ACTION ITEM> Please restate the material below word for word, from the first line through the one that contains "Festivalio &bdquo;Open books&ldquo; akimirka", inclusive.

DATA SHOWN>
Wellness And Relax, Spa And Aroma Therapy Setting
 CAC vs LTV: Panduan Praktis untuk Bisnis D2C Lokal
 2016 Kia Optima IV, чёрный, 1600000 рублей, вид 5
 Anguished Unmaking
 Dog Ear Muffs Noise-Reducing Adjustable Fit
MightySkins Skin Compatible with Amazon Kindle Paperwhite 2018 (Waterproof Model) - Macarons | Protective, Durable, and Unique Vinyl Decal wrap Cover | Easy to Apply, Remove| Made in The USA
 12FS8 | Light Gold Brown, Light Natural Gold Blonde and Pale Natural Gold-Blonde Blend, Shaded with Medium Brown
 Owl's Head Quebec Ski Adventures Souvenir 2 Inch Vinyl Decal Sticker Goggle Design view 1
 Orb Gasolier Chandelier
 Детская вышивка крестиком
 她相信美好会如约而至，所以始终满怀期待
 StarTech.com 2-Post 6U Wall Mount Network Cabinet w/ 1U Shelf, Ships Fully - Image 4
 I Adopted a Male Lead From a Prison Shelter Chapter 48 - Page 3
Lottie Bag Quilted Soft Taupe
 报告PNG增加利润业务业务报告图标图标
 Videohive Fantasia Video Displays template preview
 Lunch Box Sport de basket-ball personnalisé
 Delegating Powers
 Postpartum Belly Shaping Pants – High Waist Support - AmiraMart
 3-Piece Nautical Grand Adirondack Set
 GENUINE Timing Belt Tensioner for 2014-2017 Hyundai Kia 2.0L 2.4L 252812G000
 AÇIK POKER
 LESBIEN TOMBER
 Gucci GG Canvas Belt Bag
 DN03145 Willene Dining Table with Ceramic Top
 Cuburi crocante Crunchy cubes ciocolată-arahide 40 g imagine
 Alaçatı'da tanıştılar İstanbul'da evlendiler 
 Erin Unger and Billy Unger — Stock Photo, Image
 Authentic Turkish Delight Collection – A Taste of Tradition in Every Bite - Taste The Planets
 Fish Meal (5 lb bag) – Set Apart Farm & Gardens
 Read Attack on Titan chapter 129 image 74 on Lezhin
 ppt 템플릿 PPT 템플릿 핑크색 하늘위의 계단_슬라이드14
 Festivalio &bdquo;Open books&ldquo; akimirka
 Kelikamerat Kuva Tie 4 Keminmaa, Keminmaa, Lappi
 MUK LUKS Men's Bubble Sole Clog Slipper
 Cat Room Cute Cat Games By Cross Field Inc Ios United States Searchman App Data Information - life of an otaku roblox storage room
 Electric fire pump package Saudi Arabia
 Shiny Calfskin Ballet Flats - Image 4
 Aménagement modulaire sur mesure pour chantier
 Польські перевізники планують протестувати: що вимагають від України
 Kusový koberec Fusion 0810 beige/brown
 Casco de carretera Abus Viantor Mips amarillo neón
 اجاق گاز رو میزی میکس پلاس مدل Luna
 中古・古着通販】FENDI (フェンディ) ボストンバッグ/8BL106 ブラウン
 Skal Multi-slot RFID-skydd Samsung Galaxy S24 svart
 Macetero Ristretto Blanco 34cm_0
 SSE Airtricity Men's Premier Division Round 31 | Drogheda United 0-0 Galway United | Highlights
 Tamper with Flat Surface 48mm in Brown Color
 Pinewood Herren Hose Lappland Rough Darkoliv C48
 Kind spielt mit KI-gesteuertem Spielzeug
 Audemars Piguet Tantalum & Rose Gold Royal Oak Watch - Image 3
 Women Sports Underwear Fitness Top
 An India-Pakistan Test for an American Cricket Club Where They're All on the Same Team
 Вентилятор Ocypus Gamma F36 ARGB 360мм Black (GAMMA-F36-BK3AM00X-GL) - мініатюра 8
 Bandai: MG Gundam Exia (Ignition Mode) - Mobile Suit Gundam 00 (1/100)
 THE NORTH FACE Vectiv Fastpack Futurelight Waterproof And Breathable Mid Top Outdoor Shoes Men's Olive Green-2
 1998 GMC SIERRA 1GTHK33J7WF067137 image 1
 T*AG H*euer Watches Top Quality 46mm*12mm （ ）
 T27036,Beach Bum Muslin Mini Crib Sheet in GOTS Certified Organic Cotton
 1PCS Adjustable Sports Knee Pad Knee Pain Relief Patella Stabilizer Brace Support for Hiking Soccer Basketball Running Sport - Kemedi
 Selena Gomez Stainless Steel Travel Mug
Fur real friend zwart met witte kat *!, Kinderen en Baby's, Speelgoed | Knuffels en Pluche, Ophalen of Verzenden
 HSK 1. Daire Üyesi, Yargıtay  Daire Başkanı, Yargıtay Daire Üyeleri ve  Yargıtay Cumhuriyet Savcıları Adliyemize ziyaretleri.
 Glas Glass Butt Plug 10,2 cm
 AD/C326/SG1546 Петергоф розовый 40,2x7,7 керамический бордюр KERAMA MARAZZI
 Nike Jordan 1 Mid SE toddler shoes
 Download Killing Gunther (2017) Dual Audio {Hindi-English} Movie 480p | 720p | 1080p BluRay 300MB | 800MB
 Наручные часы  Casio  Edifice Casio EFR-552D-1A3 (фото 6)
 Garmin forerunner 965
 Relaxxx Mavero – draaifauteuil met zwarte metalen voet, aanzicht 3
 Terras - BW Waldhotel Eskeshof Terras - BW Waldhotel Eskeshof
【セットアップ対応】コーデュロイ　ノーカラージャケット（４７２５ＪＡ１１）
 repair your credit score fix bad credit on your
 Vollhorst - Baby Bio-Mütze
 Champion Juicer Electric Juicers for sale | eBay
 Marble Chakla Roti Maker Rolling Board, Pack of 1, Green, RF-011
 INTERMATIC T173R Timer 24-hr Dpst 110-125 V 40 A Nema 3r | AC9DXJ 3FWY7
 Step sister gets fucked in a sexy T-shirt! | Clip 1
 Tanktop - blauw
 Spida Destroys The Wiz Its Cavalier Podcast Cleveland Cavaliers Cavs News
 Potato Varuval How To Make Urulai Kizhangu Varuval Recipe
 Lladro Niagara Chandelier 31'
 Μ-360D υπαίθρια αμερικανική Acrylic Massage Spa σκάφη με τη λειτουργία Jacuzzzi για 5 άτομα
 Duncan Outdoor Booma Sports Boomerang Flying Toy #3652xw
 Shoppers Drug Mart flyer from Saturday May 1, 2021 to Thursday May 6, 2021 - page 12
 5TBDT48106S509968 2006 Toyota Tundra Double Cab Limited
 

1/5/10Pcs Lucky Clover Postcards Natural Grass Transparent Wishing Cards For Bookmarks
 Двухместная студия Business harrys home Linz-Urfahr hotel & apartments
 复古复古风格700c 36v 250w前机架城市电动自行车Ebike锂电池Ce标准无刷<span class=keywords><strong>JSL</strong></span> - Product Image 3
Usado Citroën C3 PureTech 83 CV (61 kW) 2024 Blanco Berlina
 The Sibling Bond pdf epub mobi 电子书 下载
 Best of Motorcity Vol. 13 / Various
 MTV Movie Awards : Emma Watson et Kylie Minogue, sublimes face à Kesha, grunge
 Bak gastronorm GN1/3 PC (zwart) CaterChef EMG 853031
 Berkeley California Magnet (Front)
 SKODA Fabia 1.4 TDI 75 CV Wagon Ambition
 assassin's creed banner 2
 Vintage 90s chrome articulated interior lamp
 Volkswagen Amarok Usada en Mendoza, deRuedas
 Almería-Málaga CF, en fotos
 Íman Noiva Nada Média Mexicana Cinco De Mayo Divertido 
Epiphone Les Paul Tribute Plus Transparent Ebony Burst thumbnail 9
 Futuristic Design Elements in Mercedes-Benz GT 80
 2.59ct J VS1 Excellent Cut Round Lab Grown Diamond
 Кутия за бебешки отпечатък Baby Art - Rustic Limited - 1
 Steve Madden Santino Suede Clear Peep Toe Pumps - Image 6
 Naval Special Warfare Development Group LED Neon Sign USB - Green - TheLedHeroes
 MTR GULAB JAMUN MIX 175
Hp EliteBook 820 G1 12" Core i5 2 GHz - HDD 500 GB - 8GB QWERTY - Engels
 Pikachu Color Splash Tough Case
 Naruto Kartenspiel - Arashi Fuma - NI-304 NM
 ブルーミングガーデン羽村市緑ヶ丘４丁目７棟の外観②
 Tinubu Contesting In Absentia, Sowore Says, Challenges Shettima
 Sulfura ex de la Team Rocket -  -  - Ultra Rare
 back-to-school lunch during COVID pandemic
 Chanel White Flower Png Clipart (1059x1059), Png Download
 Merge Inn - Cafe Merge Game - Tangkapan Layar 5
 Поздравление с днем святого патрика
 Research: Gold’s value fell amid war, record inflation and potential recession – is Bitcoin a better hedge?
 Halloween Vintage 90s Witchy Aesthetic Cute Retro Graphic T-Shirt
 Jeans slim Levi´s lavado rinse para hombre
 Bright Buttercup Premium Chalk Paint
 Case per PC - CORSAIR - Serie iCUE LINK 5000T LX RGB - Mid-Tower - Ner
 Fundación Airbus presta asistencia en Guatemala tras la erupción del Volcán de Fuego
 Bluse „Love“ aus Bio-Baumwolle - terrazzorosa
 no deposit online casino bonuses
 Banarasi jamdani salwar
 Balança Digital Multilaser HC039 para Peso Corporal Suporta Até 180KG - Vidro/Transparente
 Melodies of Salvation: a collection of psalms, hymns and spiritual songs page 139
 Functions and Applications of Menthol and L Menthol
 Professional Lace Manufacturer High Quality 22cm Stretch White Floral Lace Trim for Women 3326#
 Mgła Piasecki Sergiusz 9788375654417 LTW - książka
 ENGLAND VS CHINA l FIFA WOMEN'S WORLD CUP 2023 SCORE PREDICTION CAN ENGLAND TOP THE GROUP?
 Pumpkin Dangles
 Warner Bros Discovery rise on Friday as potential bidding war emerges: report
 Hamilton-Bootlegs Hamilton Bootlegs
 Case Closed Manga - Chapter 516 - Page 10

SOLUTION FOR THIS TASK>
Wellness And Relax, Spa And Aroma Therapy Setting
 CAC vs LTV: Panduan Praktis untuk Bisnis D2C Lokal
 2016 Kia Optima IV, чёрный, 1600000 рублей, вид 5
 Anguished Unmaking
 Dog Ear Muffs Noise-Reducing Adjustable Fit
MightySkins Skin Compatible with Amazon Kindle Paperwhite 2018 (Waterproof Model) - Macarons | Protective, Durable, and Unique Vinyl Decal wrap Cover | Easy to Apply, Remove| Made in The USA
 12FS8 | Light Gold Brown, Light Natural Gold Blonde and Pale Natural Gold-Blonde Blend, Shaded with Medium Brown
 Owl's Head Quebec Ski Adventures Souvenir 2 Inch Vinyl Decal Sticker Goggle Design view 1
 Orb Gasolier Chandelier
 Детская вышивка крестиком
 她相信美好会如约而至，所以始终满怀期待
 StarTech.com 2-Post 6U Wall Mount Network Cabinet w/ 1U Shelf, Ships Fully - Image 4
 I Adopted a Male Lead From a Prison Shelter Chapter 48 - Page 3
Lottie Bag Quilted Soft Taupe
 报告PNG增加利润业务业务报告图标图标
 Videohive Fantasia Video Displays template preview
 Lunch Box Sport de basket-ball personnalisé
 Delegating Powers
 Postpartum Belly Shaping Pants – High Waist Support - AmiraMart
 3-Piece Nautical Grand Adirondack Set
 GENUINE Timing Belt Tensioner for 2014-2017 Hyundai Kia 2.0L 2.4L 252812G000
 AÇIK POKER
 LESBIEN TOMBER
 Gucci GG Canvas Belt Bag
 DN03145 Willene Dining Table with Ceramic Top
 Cuburi crocante Crunchy cubes ciocolată-arahide 40 g imagine
 Alaçatı'da tanıştılar İstanbul'da evlendiler 
 Erin Unger and Billy Unger — Stock Photo, Image
 Authentic Turkish Delight Collection – A Taste of Tradition in Every Bite - Taste The Planets
 Fish Meal (5 lb bag) – Set Apart Farm & Gardens
 Read Attack on Titan chapter 129 image 74 on Lezhin
 ppt 템플릿 PPT 템플릿 핑크색 하늘위의 계단_슬라이드14
 Festivalio &bdquo;Open books&ldquo; akimirka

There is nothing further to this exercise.